Le nationalisme jordanien est une idéologie nationaliste qui considère le peuple jordanien comme une nation distincte et s'efforce de maintenir la Jordanie en tant qu'État-nation indépendant. Il émerge comme l'un des trois courants nationalistes des années 1920, et s'est opposé à la fois au nationalisme palestinien présent dans la région et au nationalisme arabe hachémite promu par Abdallah Ier, le premier dirigeant de l'Émirat de Transjordanie[1].

La Jordanie est créée en 1921 en tant que protectorat britannique, pour honorer la promesse faite en temps de guerre à ses alliés hachémites contre les Ottomans. La famille royale hachémite est confrontée à un défi de la part des tribus locales, car elles poursuivent le « nationalisme arabe hachémite » comme principe directeur de leur émirat.
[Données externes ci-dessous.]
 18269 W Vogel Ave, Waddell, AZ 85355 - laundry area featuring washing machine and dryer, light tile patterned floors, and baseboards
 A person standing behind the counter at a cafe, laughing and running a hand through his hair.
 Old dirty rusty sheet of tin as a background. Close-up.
L'arabisme hachémite était dédié à l'établissement de la Grande Syrie sous la domination hachémite, la Transjordanie étant considérée comme la première étape vers une plus grande unification plutôt que comme une nation séparée à part entière[1].
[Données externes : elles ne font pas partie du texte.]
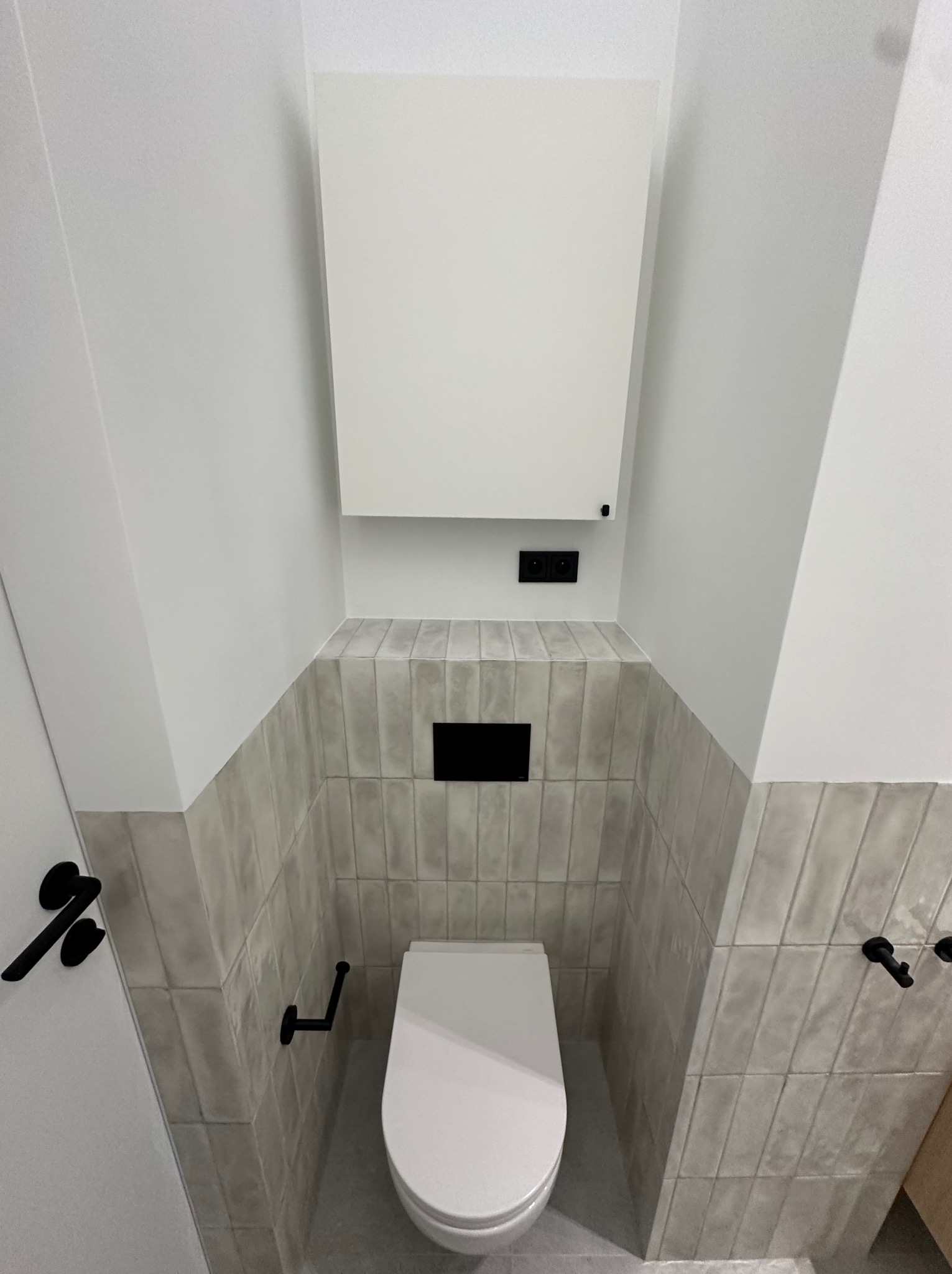 Nowoczesna toaleta w łazience z szarymi płytkami ułożonymi pionowo, czarnymi akcentami armatury i ukrytą spłuczką.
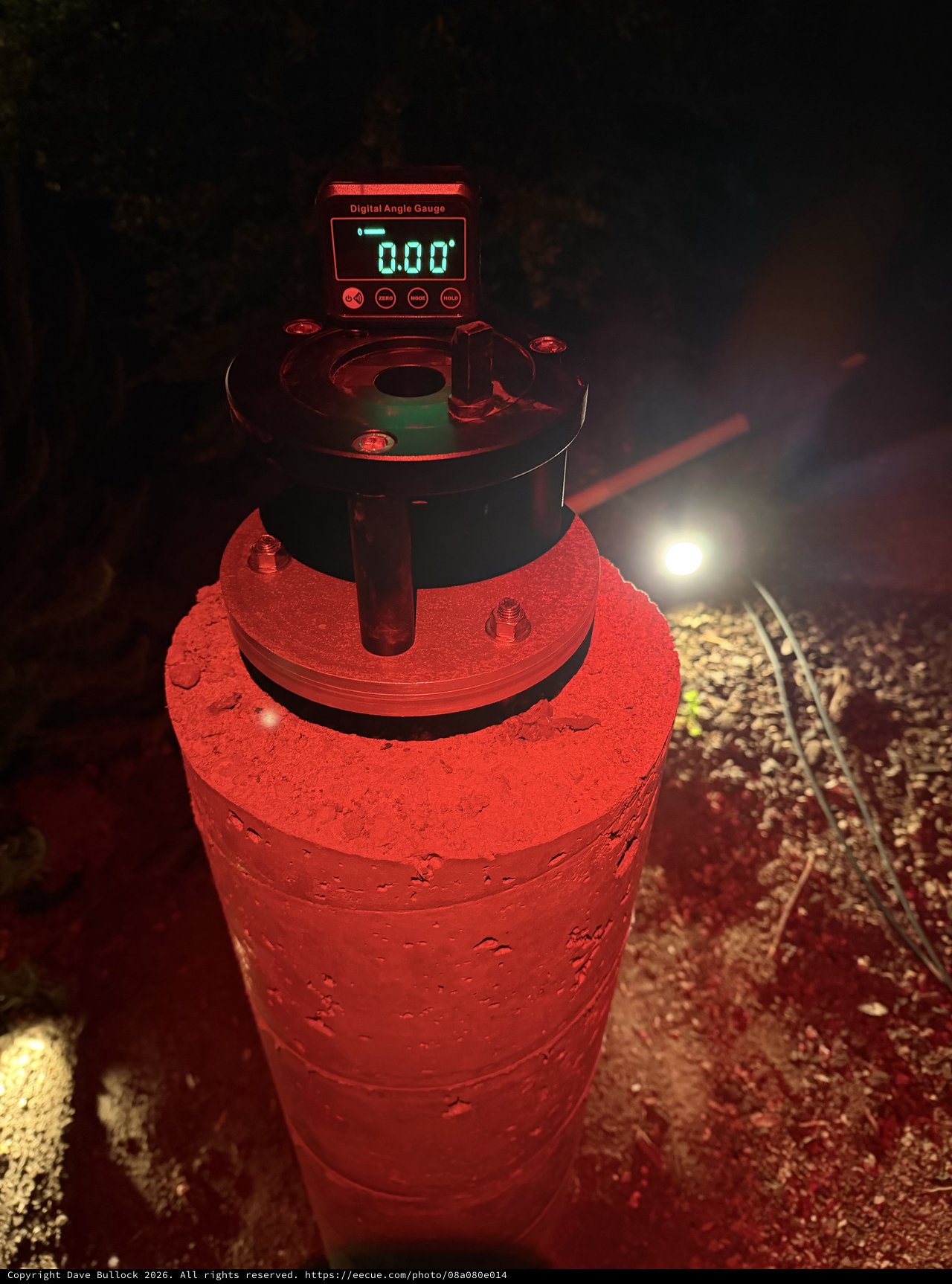 Digital Angle Gauge on Concrete Pier at Night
Un symbole du nationalisme jordanien : le chef d'état-major Habes al-Majali et l'ancien Premier ministre Wasfi Tall au stade international d'Amman.

Avant 1921, les habitants de la Transjordanie ne se définissent pas par une identité nationale mais par des identités régionales, fondées sur leur religion, leur village ou leur régionalisme. Le nationalisme jordanien émerge en opposition avec « l'autre étranger », qui est défini comme étant à la fois la dynastie britannique et la dynastie hachémite. Si l'identité jordanienne est encore naissante à l'époque, elle est explicitement basée sur l'antisémitisme[1]. Irene Maffi identifie le mouvement national jordanien comme un obstacle majeur au panarabisme hachémite, avec une forte identité palestinienne qui commence à se former pendant la période coloniale. Le nationalisme jordanien commence à se développer dans les années 1920 et lutte pour les intérêts de la population autochtone, s'opposant aux politiques hachémite et rejetant leur domination comme étrangère[2].

La principale caractéristique du nationalisme jordanien est qu'il ne cherche pas à unifier la Transjordanie à d'autres États arabes ; il considère également la Transjordanie et la Palestine comme deux peuples et nations distincts, contrairement aux tentatives hachémite d'intégrer la Palestine. La première expression de l'identité nationale de la Transjordanie est la révolte d'Adwan de 1923, au cours de laquelle la tribu Adwan se révolte contre la dynastie hachémite sous le slogan « La Transjordanie pour les Transjordaniens ». En raison de son opposition à la fois à un État panarabe et à une union jordano-palestinienne, le mouvement national jordanien est aussi connu sous le nom d'« exclusivisme de la Cisjordanie »[3].